Random Wavelet Features for Graph Kernel Machines
This work addresses the scalability issue in graph representation learning for tasks like node classification and link prediction, offering a principled and efficient solution, though it is incremental as it builds on random feature methods for kernel approximation.
The paper tackled the problem of designing scalable node embeddings for graph kernels, which are computationally prohibitive for large networks, by introducing randomized spectral node embeddings that estimate low-rank kernel approximations, achieving more accurate results than existing methods, especially for spectrally localized kernels.

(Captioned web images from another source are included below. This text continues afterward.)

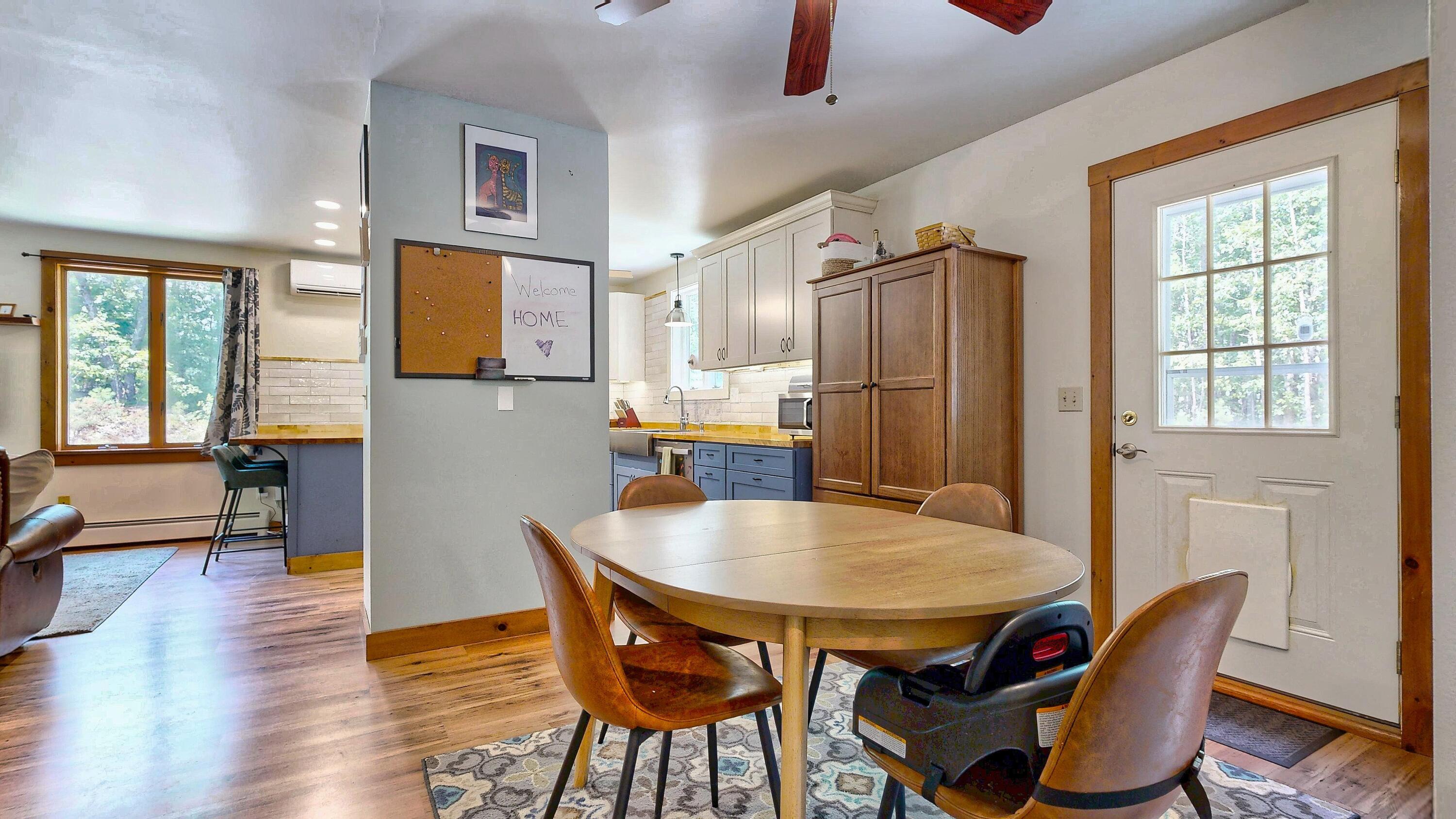 21 Hallczuk Road Biddeford, ME 04005 - Photo 24 of 90 DINING AREA 2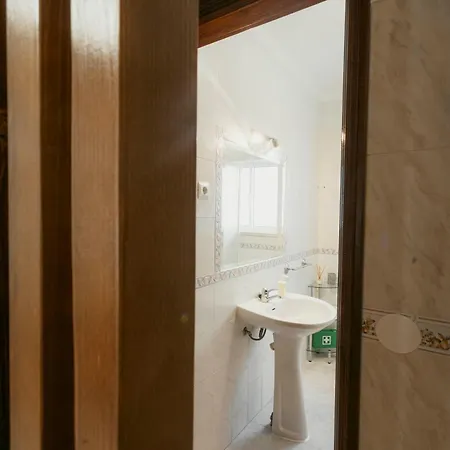 Feriehus 15 - Vivenda Adelino Martins Ferrel (Leiria)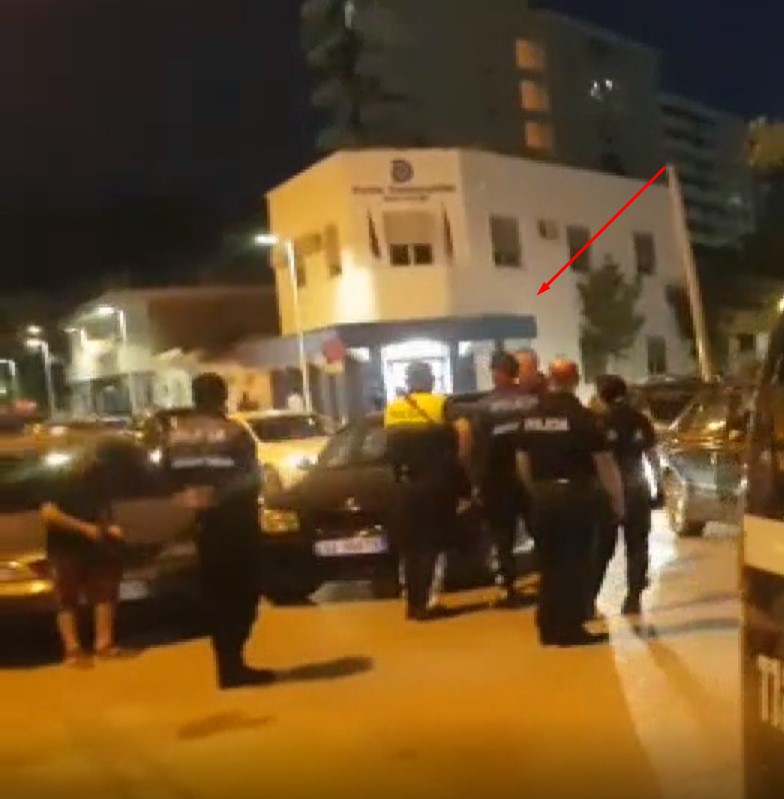 2 persona ndalojnë shoferin me BMW dhe e rrahin në mes të rrugës (FOTO)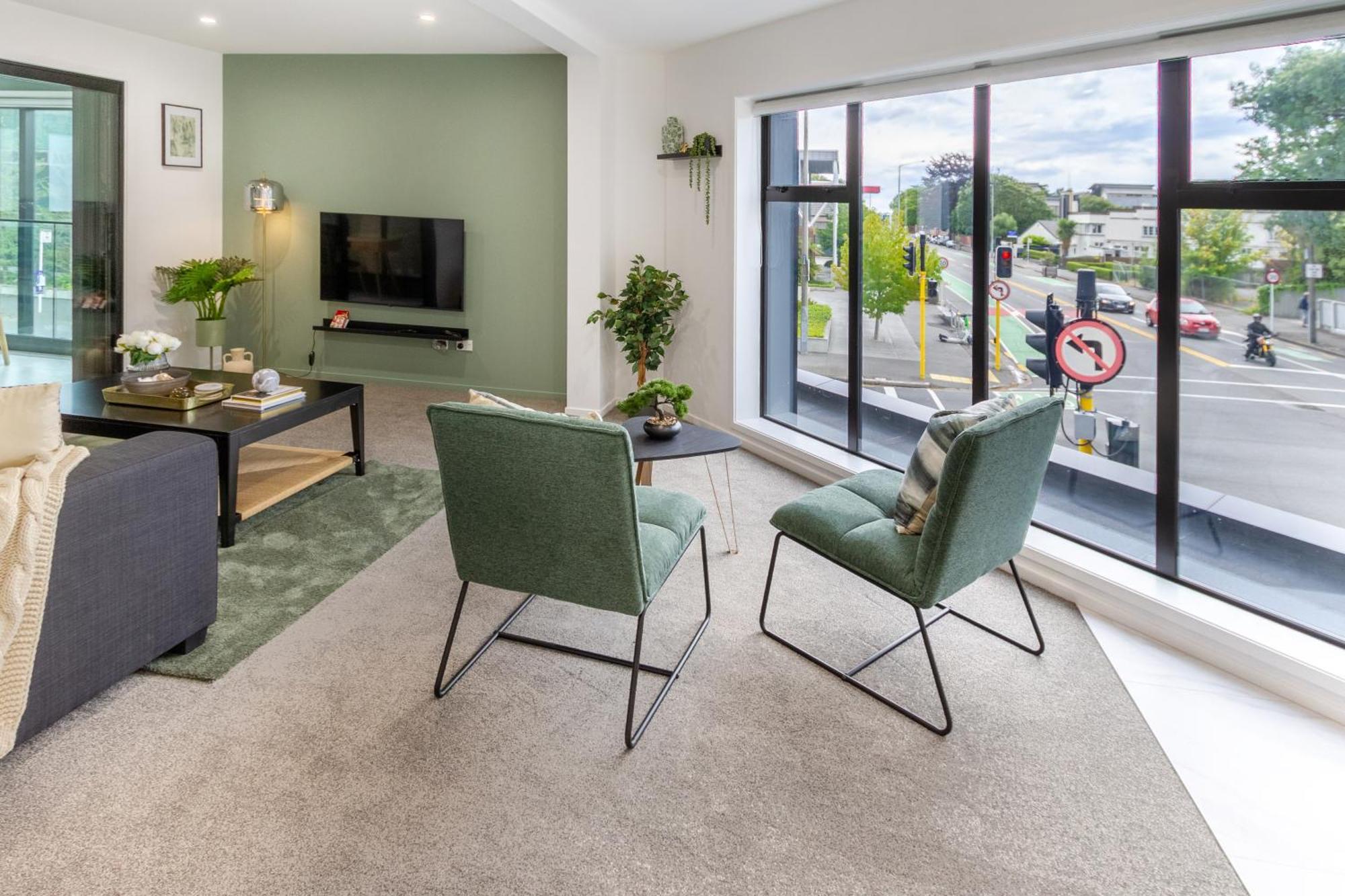 Chic 3-br Cbd Gem In Christchurch: Prime Location Apartment *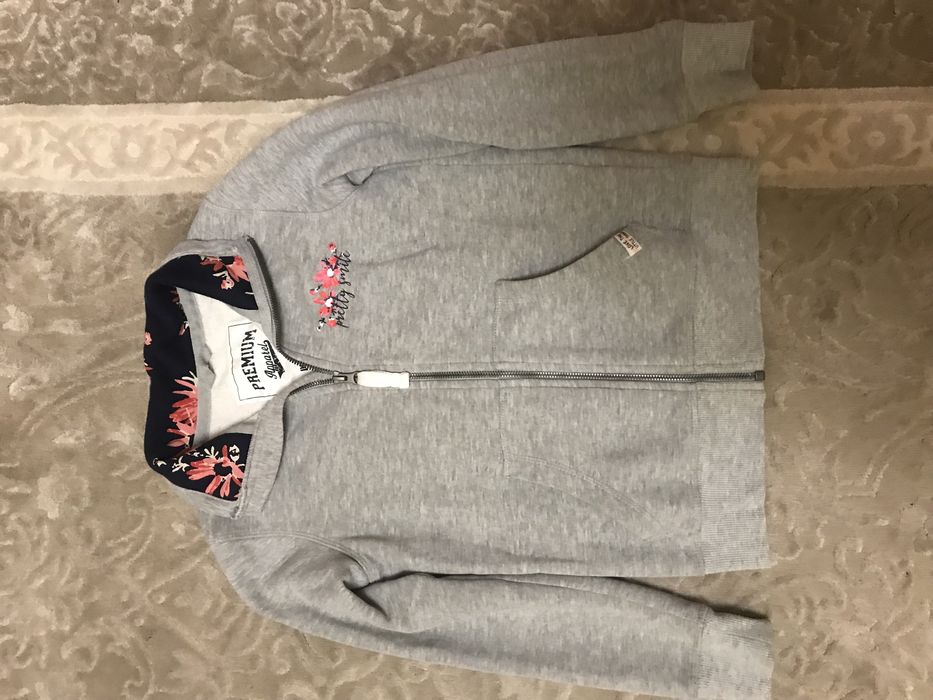 Спортивний зимовий костюм для дівчинки 9 - 10 років.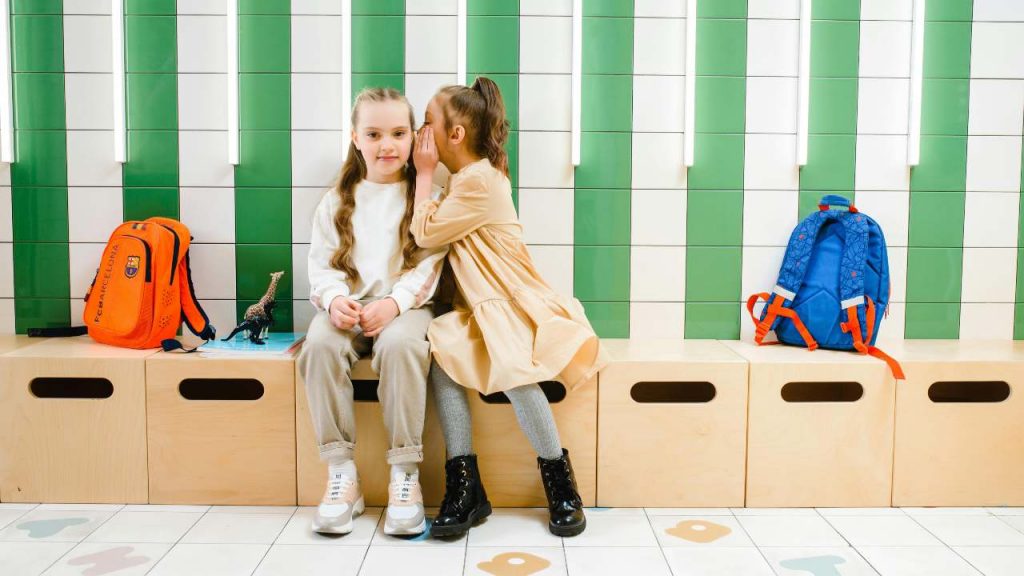 Scuola, “Addio personale ATA”: i bambini devono tenere pulite aule e corridoi | Passata la circolare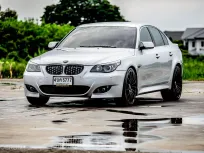 2004 BMW 5 Series 2.5 523i รถเก๋ง 4 ประตู 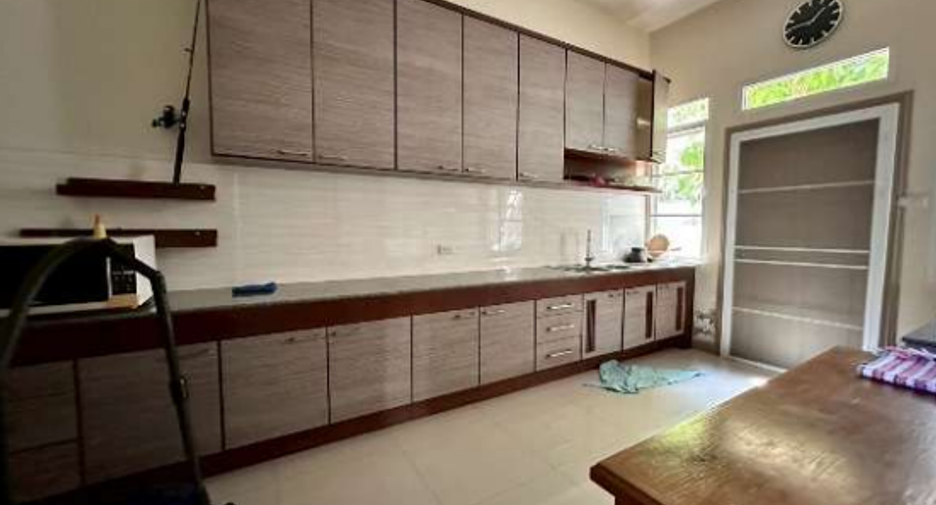 For sale 4 ベッドルーム house in Na Jomtien, Pattaya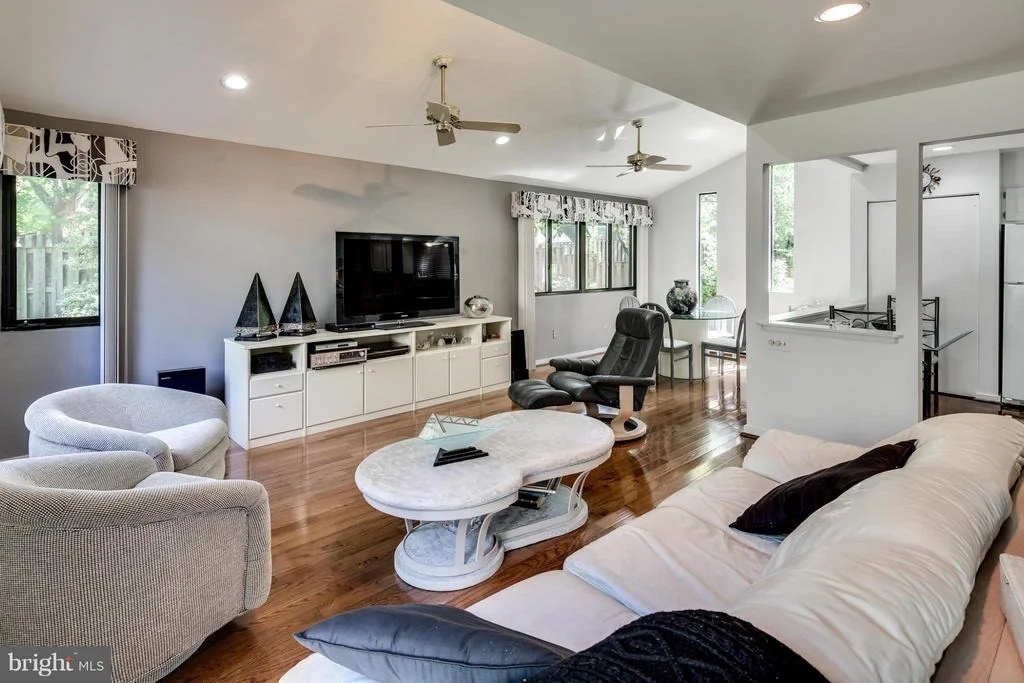 Photo of 10331 TAILCOAT WAY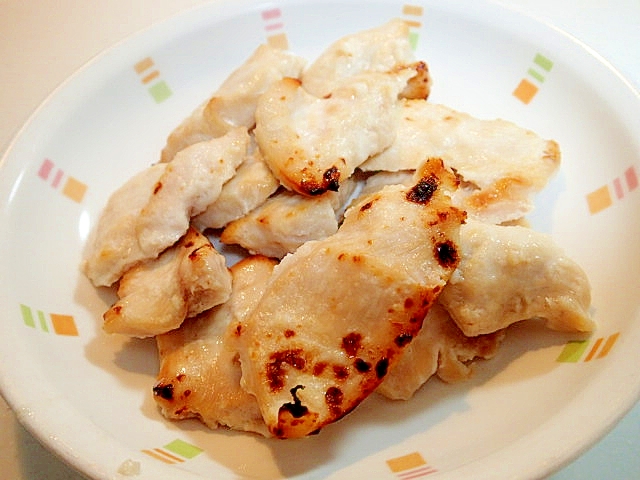塩麹と大蒜で　鶏むね肉のグリル焼き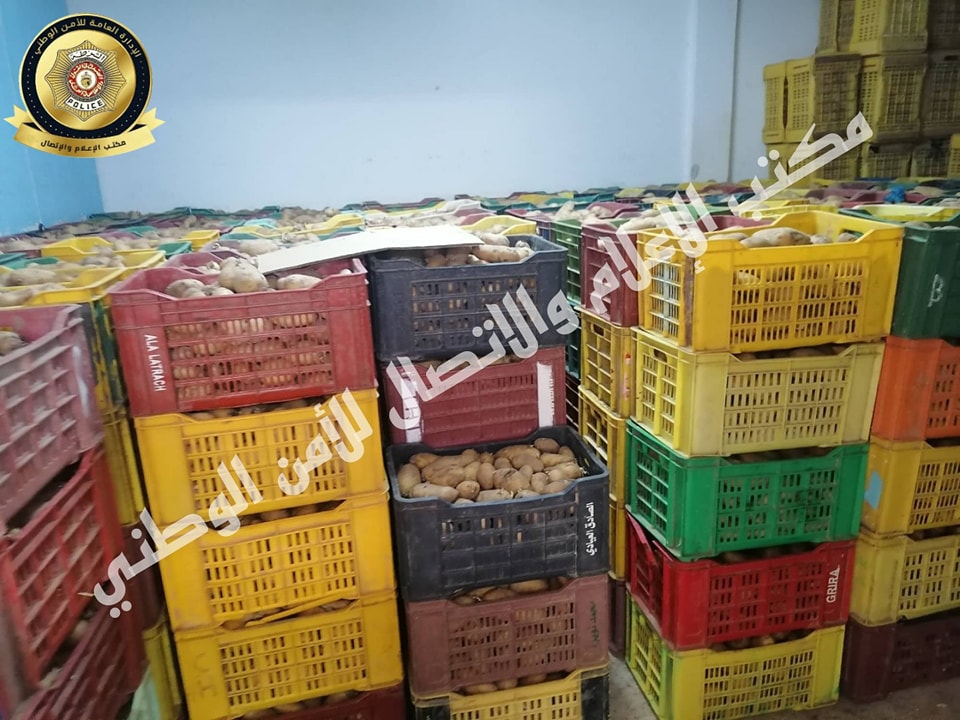 أكودة/ مداهمة مخزن عشوائي للبطاطا.. وحجز هذه الكمية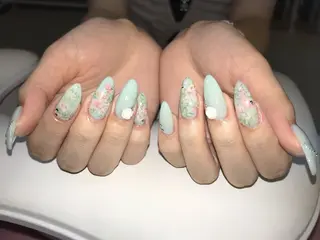 ネイル heaven_ carenのネイルデザイン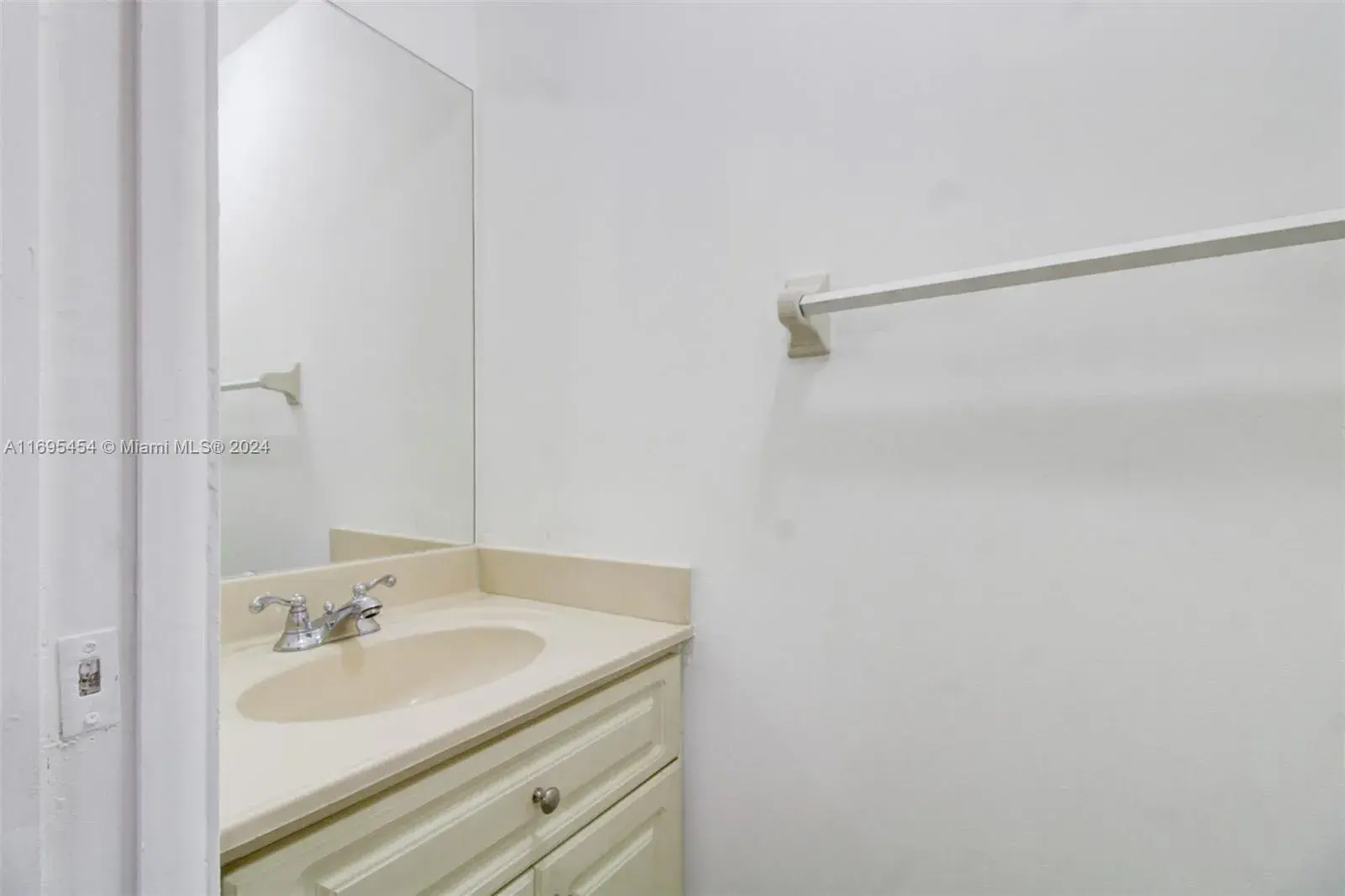 6858 NW 173rd Dr # 302, Hialeah FL 33015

Node embeddings map graph vertices into low-dimensional Euclidean spaces while preserving structural information. They are central to tasks such as node classification, link prediction, and signal reconstruction. A key goal is to design node embeddings whose dot products capture meaningful notions of node similarity induced by the graph. Graph kernels offer a principled way to define such similarities, but their direct computation is often prohibitive for large networks. Inspired by random feature methods for kernel approximation in Euclidean spaces, we introduce randomized spectral node embeddings whose dot products estimate a low-rank approximation of any specific graph kernel. We provide theoretical and empirical results showing that our embeddings achieve more accurate kernel approximations than existing methods, particularly for spectrally localized kernels. These results demonstrate the effectiveness of randomized spectral constructions for scalable and principled graph representation learning.